*Exercise data*
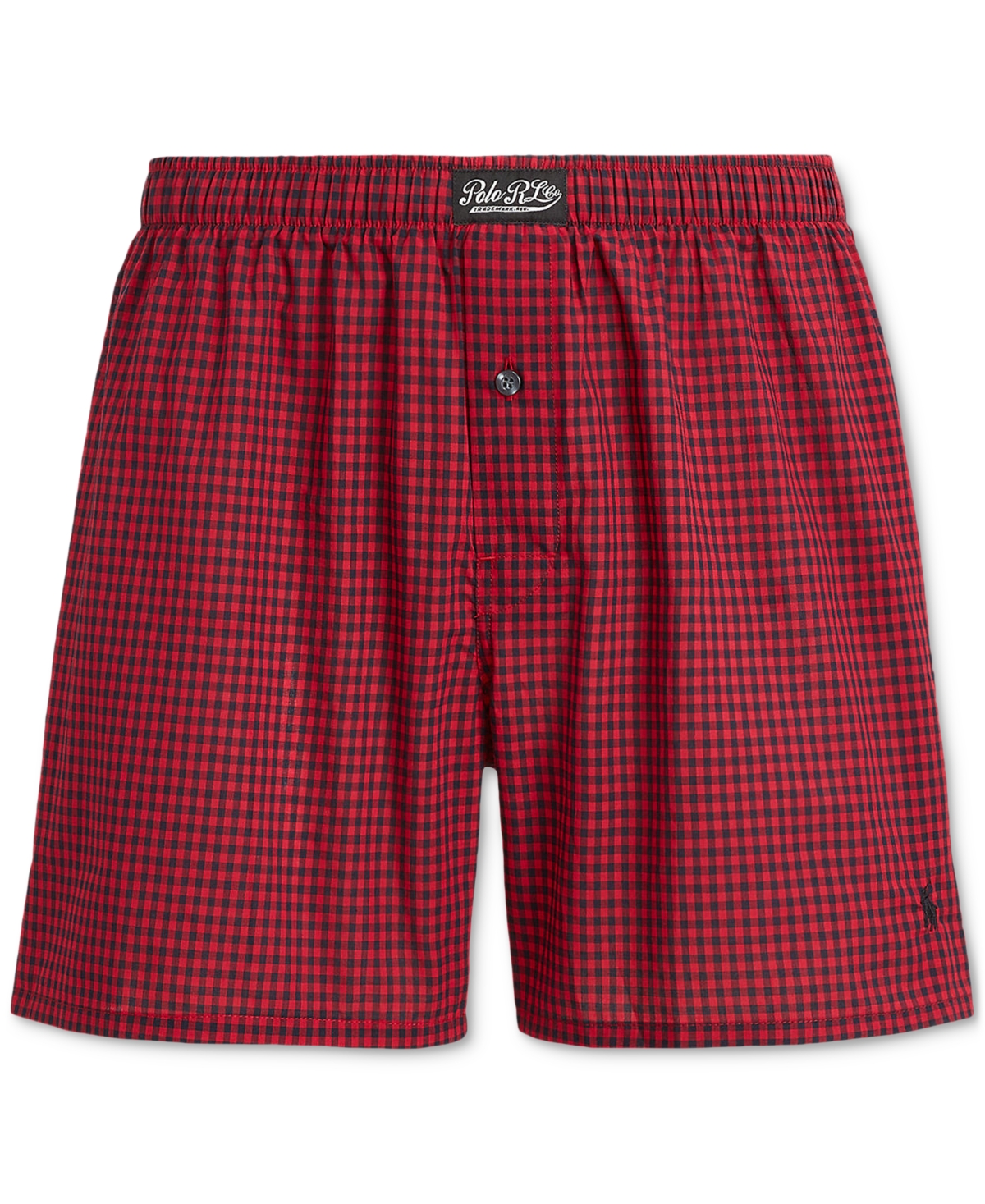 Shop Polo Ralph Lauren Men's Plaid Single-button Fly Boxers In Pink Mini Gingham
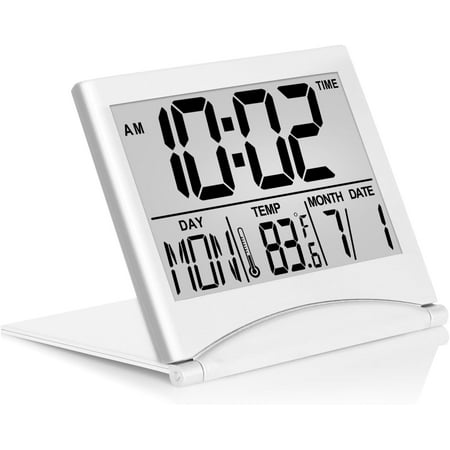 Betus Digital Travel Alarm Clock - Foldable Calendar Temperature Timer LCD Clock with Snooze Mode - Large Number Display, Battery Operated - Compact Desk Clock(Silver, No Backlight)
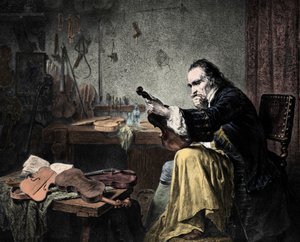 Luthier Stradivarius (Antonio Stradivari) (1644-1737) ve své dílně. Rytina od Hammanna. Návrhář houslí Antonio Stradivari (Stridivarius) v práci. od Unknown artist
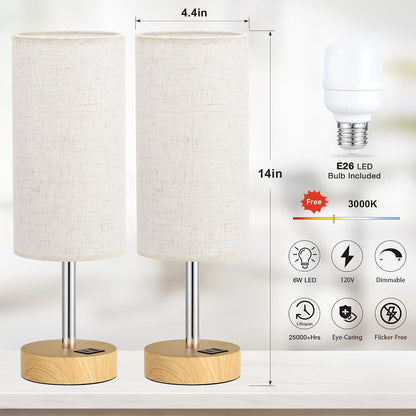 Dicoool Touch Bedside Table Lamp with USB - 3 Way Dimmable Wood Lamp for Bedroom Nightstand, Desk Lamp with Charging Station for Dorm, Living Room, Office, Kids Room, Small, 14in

*What to produce*
Write out exactly the lines beginning with the line that holds "Luthier Stradivarius (Antonio" and ending with the final line of the data, both ends included, without the pictures.

*Output*
 Luthier Stradivarius (Antonio Stradivari) (1644-1737) ve své dílně. Rytina od Hammanna. Návrhář houslí Antonio Stradivari (Stridivarius) v práci. od Unknown artist
 Dicoool Touch Bedside Table Lamp with USB - 3 Way Dimmable Wood Lamp for Bedroom Nightstand, Desk Lamp with Charging Station for Dorm, Living Room, Office, Kids Room, Small, 14in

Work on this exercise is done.